Søren Kierkegaard, il padre dell’esistenzialismo, era conterraneo di Bohr (entrambi erano nativi di Copenaghen) e quest’ultimo, guarda caso, fu un suo appassionato lettore. Mentre stava preparando la tesi di laurea, Bohr scrisse a suo fratello che la lettura di Un frammento di vita di Kierkegaard «mi ha procurato molto piacere» e «credo perfino che sia una delle cose migliori che abbia mai letto». Secondo la filosofia di Kierkegaard l’evoluzione spirituale di un uomo si realizza attraverso tre “stadi” (estetico, etico e religioso) e il passaggio da uno stadio all’altro avviene attraverso un “salto”, vale a dire una transizione discontinua non spiegabile razionalmente.

Ma questa categoria del salto ci rimanda ai salti degli elettroni da un’orbita all’altra sicché è lecito pensare che Bohr, nella sua formulazione, possa essere stato influenzato dalle «transizioni brusche e inspiegabili» dell’io di Kierkegaard. Ma il pensiero di Kierkegaard avrebbe influenzato Bohr anche nella formulazione del suo famoso “principio di complementarietà” secondo il quale il duplice aspetto onda-corpuscolo non poteva essere osservato contemporaneamente durante lo stesso esperimento perché un aspetto escludeva l’altro.

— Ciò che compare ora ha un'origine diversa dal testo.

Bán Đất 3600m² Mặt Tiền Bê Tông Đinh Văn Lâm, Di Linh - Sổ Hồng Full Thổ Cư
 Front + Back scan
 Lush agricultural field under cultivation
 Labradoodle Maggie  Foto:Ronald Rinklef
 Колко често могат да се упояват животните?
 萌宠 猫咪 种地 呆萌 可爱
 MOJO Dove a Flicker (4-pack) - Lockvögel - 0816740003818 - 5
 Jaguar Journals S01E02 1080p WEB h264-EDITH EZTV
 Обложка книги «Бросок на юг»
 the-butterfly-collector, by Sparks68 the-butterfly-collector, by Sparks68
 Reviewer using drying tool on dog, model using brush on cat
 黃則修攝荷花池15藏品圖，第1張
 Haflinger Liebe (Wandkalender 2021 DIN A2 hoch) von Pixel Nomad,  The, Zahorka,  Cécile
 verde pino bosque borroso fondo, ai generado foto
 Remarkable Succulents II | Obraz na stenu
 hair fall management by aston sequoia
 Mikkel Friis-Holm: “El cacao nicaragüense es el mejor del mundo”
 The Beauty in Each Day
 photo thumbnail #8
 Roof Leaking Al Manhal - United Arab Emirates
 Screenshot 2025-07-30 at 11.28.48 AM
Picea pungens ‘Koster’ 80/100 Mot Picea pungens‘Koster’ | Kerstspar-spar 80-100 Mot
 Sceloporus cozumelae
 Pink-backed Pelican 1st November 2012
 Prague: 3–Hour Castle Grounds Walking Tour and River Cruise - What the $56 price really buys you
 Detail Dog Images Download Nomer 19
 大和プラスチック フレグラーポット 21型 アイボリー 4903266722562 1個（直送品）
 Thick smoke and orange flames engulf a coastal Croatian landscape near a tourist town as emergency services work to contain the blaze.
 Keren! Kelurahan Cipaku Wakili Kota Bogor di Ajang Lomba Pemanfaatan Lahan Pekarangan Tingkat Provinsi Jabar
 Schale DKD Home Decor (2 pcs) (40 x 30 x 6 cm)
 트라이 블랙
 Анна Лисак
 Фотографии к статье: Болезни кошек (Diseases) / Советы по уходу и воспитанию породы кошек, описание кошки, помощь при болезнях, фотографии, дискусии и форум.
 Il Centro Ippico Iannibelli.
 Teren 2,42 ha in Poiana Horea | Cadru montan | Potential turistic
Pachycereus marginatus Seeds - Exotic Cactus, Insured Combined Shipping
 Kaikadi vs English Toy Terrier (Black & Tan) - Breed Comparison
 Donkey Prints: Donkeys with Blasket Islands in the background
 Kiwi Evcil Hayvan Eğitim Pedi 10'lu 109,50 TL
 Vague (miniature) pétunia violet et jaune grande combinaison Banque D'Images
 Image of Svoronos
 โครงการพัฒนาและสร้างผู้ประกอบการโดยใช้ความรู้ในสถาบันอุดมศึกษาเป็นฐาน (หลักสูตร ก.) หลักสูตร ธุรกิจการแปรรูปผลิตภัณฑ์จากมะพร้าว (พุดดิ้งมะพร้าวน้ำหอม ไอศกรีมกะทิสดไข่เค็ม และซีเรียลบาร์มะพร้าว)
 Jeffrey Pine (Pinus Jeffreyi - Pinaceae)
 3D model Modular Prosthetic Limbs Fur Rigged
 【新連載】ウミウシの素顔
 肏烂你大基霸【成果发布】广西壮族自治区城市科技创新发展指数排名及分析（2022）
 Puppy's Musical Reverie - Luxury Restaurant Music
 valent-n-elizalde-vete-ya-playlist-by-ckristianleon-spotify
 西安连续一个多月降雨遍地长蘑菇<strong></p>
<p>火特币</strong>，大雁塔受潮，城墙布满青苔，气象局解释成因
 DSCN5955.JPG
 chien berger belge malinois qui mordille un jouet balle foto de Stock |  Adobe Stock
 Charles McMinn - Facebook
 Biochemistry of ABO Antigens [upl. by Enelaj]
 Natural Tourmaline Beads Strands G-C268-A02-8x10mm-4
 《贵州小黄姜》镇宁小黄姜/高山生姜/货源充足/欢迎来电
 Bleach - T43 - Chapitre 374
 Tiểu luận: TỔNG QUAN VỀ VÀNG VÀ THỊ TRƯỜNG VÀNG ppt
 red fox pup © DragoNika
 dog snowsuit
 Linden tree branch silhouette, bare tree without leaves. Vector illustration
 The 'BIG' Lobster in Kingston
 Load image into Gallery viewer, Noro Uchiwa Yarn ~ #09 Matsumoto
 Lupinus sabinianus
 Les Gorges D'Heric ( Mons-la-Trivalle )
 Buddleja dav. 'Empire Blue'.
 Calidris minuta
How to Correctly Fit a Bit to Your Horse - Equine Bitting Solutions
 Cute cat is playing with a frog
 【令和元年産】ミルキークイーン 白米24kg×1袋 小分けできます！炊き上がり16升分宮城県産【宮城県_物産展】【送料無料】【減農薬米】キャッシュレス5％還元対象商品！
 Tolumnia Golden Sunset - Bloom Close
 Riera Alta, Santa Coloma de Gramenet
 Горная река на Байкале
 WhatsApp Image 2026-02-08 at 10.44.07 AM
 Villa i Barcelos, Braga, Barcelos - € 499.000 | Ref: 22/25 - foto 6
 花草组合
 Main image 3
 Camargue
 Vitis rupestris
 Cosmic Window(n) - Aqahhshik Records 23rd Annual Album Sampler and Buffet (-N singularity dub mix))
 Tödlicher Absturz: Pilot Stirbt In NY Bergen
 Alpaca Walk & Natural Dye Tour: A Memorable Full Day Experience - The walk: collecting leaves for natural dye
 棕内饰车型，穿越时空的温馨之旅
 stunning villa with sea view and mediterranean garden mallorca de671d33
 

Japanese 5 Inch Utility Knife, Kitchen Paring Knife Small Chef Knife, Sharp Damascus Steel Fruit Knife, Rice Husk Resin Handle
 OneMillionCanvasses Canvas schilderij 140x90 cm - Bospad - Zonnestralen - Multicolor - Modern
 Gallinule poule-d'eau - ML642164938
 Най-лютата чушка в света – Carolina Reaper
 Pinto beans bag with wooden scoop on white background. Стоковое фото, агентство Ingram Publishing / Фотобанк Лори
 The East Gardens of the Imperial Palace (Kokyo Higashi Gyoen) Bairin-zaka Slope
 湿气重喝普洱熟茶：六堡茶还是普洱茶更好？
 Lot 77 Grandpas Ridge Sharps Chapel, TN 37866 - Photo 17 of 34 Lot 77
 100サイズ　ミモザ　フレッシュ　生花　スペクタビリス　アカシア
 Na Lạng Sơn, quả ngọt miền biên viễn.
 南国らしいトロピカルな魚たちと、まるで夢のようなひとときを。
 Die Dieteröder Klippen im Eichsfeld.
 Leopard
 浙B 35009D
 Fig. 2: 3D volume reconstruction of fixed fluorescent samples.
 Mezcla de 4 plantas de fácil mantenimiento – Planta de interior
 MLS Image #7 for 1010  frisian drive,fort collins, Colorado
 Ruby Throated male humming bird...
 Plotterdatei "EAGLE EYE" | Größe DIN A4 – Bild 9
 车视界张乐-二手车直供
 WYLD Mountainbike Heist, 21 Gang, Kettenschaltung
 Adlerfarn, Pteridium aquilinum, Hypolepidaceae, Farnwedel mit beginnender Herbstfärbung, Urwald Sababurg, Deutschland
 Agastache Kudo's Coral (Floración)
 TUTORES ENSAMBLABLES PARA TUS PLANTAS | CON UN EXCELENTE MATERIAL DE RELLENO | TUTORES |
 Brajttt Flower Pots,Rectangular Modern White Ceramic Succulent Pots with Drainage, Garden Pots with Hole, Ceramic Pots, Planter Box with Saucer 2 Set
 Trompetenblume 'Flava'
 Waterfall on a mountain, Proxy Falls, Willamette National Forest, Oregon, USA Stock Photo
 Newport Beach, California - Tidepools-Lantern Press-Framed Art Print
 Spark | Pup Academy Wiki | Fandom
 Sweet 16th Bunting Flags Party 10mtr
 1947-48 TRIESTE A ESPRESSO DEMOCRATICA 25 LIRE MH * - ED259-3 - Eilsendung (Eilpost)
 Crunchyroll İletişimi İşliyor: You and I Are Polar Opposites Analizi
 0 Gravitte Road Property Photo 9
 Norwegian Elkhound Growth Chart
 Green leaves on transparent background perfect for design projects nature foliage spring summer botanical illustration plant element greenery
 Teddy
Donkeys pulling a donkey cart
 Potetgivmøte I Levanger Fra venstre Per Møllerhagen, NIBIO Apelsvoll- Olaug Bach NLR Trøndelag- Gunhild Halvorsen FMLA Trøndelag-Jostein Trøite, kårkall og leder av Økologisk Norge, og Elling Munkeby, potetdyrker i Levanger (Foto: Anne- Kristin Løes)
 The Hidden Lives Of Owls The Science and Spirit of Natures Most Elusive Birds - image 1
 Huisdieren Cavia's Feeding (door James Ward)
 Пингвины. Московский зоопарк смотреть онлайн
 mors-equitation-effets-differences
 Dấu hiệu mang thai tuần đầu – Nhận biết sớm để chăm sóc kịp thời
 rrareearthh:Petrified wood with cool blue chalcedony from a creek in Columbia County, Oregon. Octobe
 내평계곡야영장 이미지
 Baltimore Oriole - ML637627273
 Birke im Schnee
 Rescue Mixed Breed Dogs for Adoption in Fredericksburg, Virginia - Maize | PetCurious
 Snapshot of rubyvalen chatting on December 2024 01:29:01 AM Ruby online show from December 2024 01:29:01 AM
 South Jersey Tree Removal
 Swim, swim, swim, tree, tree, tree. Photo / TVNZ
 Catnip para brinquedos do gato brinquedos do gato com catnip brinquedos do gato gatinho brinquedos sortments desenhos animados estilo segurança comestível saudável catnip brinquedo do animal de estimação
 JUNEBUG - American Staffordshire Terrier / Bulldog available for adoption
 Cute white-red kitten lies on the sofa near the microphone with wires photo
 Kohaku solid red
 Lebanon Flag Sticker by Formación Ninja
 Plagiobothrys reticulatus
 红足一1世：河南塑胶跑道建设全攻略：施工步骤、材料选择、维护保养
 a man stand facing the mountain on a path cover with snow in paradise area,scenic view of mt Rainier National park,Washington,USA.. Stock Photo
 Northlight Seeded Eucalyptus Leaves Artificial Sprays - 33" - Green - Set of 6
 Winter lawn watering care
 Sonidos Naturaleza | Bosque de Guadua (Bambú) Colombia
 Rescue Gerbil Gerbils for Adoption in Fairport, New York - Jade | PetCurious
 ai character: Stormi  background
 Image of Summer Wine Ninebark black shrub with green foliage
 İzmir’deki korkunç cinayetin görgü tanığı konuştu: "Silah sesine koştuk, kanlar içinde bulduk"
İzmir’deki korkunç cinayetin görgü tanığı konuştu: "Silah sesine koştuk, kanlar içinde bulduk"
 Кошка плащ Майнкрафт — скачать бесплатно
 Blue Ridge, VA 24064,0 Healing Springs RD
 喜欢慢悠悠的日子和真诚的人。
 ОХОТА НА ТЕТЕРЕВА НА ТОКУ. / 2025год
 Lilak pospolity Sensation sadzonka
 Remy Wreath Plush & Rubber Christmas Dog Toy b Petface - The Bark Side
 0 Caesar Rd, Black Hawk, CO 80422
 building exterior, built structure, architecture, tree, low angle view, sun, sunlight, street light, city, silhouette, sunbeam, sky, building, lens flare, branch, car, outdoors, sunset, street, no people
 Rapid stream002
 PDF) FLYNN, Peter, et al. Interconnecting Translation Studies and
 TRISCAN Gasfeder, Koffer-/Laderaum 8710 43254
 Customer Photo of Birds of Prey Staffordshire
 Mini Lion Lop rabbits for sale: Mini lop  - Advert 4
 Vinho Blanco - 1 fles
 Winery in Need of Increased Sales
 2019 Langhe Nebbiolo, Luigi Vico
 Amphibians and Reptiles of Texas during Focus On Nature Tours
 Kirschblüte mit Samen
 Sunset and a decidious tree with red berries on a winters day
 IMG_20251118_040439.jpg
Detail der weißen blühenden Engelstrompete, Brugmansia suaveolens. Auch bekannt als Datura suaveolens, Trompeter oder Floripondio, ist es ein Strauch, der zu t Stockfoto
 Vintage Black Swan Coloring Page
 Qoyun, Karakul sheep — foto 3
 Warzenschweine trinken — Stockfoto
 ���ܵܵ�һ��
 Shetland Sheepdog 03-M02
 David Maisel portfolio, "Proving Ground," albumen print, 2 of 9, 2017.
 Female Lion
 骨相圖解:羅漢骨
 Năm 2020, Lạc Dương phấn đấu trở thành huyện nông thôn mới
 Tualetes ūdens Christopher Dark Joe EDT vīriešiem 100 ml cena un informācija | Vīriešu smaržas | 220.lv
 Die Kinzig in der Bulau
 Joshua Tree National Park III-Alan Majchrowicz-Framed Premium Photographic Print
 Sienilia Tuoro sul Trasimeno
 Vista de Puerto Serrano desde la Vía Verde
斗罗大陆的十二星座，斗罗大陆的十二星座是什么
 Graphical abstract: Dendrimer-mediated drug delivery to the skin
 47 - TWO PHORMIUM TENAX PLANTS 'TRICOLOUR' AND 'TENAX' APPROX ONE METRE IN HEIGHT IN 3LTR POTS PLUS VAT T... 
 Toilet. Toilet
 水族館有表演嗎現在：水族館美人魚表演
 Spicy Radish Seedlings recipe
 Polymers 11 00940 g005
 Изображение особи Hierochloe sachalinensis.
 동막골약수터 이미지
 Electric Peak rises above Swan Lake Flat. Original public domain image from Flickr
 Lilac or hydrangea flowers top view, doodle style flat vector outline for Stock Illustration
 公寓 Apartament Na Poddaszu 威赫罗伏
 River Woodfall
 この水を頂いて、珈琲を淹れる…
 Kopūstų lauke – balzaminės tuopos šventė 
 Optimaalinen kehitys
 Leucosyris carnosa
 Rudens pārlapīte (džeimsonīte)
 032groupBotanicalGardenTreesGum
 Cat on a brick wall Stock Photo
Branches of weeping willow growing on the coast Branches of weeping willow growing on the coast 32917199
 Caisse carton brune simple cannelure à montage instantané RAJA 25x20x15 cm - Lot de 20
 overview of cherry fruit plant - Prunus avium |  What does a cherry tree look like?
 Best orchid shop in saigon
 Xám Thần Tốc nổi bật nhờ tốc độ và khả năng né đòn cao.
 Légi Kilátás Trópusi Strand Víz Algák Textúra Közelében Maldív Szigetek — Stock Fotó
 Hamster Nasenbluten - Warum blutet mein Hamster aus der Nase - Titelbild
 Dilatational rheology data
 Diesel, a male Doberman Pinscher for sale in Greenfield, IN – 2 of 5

Per dirla in termini kierkegaardiani ci troviamo di fronte a un vero “aut aut” e Bohr, operando una scelta fra le rappresentazioni complementari, «recitava un dramma kierkegaardiano nella teoria dei quanti». Tutte queste considerazioni potrebbero far storcere il naso a qualcuno ma resta pur sempre il fatto che si tratta di accostamenti intriganti che gettano comunque un ponte fra la fisica e la filosofia. E nel nostro caso specifico tutto questo è oltremodo interessante se pensiamo che il modello dell’atomo di Bohr fu proposto nel 1913, vale a dire nello stesso anno in cui ricorreva il primo centenario della nascita di Kierkegaard.

Oggi, dunque, il calendario ci offre l’opportunità di ricordare il centenario del modello di Bohr (1913) e il bicentenario di Kierkegaard (1813) mettendo assieme fisica e filosofia, un’opportunità straordinaria e un bellissimo esempio di interdisciplinarietà.